[Python] Cannot cast nested nullable field to not-nullable
Casting from nullable field to not-nullable works provided all values are present. So for example this is a valid cast:
table = pa.table({'column_1': pa.array([1, 2 ,3])})table.cast(
pa.schema([
f.with_nullable(False) for f in table.schema
])
)
But it doesn't work for nested field. Here's an example:
import pyarrow as pa
record = {"nested_int": 1}
data_type = pa.struct(
[
pa.field("nested_int", pa.int32(), nullable=True),
]
)
data_type_after = pa.struct(
[
pa.field("nested_int", pa.int32(), nullable=False),
]
)
table = pa.table({"column_1": pa.array([record], data_type)})
table.cast(pa.schema([pa.field("column_1", data_type_after)]))
Throws:
pyarrow.lib.ArrowTypeError: cannot cast nullable field to non-nullable field: struct<nested_int: int32> struct<nested_int: int32 not null>
This is somewhat related to https://github.com/apache/arrow/issues/13177 and https://issues.apache.org/jira/browse/ARROW-16603
Reporter: &res / @0x26res
Note: This issue was originally created as ARROW-18430. Please see the migration documentation for further details.
Just ran into this as well:
>>> arr = pa.array([{'x': 1.0, 'y': 2.0}, {'x': 2.0, 'y': 3.0}])
>>> arr.type
StructType(struct<x: double, y: double>)
>>> arr.cast(pa.struct([pa.field("x", pa.float64(), nullable=False), pa.field("y", pa.float64(), nullable=False)]))
...
ArrowTypeError: cannot cast nullable field to non-nullable field: struct<x: double, y: double> struct<x: double not null, y: double not null>
/home/joris/scipy/repos/arrow/cpp/src/arrow/compute/exec.cc:920 kernel_->exec(kernel_ctx_, input, &output)
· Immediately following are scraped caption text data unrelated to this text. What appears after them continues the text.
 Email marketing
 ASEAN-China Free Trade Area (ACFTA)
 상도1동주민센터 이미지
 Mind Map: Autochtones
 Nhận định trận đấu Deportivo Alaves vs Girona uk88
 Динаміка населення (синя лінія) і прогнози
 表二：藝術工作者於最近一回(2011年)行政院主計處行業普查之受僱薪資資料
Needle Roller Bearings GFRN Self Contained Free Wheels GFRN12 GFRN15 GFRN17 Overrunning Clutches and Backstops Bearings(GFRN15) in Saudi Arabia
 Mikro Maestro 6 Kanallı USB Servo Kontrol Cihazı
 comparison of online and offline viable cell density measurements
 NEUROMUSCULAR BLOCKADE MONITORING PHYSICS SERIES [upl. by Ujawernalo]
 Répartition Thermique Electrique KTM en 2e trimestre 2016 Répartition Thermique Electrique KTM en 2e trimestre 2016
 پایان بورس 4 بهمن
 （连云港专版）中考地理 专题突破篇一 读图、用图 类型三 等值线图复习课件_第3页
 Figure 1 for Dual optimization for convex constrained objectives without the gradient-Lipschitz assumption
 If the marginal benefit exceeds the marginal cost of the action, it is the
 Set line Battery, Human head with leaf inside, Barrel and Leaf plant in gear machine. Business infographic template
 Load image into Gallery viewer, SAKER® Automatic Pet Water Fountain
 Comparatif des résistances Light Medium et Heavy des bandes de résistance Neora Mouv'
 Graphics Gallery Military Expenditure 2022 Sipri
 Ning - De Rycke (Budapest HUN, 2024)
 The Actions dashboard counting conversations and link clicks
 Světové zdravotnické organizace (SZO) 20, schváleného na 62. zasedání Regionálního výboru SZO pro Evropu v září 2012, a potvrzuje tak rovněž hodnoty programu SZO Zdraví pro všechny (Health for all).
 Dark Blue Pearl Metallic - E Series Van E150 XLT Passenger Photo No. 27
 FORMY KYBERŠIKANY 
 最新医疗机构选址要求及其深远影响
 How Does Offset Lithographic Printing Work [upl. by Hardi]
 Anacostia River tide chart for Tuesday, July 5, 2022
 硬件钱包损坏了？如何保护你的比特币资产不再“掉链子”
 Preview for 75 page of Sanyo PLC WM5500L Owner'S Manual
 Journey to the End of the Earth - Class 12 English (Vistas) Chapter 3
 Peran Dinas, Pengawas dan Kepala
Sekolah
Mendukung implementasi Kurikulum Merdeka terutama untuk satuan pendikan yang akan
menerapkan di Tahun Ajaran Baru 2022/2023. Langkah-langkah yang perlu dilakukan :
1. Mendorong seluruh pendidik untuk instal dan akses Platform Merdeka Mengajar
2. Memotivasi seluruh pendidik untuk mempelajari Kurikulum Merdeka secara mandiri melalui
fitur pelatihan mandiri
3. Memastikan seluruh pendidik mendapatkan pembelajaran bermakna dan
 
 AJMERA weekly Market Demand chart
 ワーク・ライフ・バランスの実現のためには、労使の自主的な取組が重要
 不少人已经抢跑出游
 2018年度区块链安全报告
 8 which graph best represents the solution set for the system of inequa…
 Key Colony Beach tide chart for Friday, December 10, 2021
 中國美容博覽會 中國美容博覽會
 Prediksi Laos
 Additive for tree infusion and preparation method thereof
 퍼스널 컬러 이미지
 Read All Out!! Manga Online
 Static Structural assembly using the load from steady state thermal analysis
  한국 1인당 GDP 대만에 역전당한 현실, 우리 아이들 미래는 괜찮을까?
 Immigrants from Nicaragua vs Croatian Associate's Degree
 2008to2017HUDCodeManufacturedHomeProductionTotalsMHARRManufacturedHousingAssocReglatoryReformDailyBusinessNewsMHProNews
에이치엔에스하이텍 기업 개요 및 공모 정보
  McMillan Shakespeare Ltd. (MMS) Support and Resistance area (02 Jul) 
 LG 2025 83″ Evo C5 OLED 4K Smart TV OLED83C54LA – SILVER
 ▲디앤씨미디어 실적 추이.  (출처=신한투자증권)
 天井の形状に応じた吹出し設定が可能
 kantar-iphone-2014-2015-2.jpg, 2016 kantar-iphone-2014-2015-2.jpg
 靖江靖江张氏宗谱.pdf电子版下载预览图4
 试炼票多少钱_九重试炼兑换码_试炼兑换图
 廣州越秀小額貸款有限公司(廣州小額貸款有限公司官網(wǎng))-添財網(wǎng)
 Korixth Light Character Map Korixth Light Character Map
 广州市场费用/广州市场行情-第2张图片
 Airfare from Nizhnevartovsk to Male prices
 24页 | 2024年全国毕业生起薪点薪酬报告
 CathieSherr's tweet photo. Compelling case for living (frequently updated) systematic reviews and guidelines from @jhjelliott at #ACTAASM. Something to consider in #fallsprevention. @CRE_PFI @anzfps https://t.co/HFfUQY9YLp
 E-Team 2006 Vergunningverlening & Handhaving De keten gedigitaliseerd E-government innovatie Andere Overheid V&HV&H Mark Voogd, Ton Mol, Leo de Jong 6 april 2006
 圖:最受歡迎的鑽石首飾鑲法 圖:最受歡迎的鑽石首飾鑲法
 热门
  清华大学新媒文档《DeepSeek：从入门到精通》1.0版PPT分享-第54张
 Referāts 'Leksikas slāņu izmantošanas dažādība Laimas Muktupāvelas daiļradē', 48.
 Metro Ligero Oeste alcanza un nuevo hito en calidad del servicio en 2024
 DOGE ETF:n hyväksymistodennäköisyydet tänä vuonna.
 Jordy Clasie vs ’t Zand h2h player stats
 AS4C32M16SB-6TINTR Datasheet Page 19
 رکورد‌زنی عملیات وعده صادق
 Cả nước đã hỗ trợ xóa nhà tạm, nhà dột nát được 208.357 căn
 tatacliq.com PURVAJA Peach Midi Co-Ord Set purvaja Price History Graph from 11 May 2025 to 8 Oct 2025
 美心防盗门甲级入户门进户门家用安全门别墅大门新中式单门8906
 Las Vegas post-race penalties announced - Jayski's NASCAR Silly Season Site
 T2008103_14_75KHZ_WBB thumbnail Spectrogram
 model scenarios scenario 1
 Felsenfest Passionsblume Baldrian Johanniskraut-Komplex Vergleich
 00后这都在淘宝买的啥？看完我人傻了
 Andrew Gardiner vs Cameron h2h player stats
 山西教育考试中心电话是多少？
/home/joris/scipy/repos/arrow/cpp/src/arrow/compute/function.cc:277 executor->Execute(input, &listener)
I am moving this to 17.0.0. Let me know if it should be part of 16.0.0
Also ran into this, would be great to address this soonish.
Also just ran into this. Not familiar at all with arrows codebase, but if this isn't that hard and someone can give me pointers, I can take a stab at this. Opened #43782 as a first attempt, I would love some help with it if you can.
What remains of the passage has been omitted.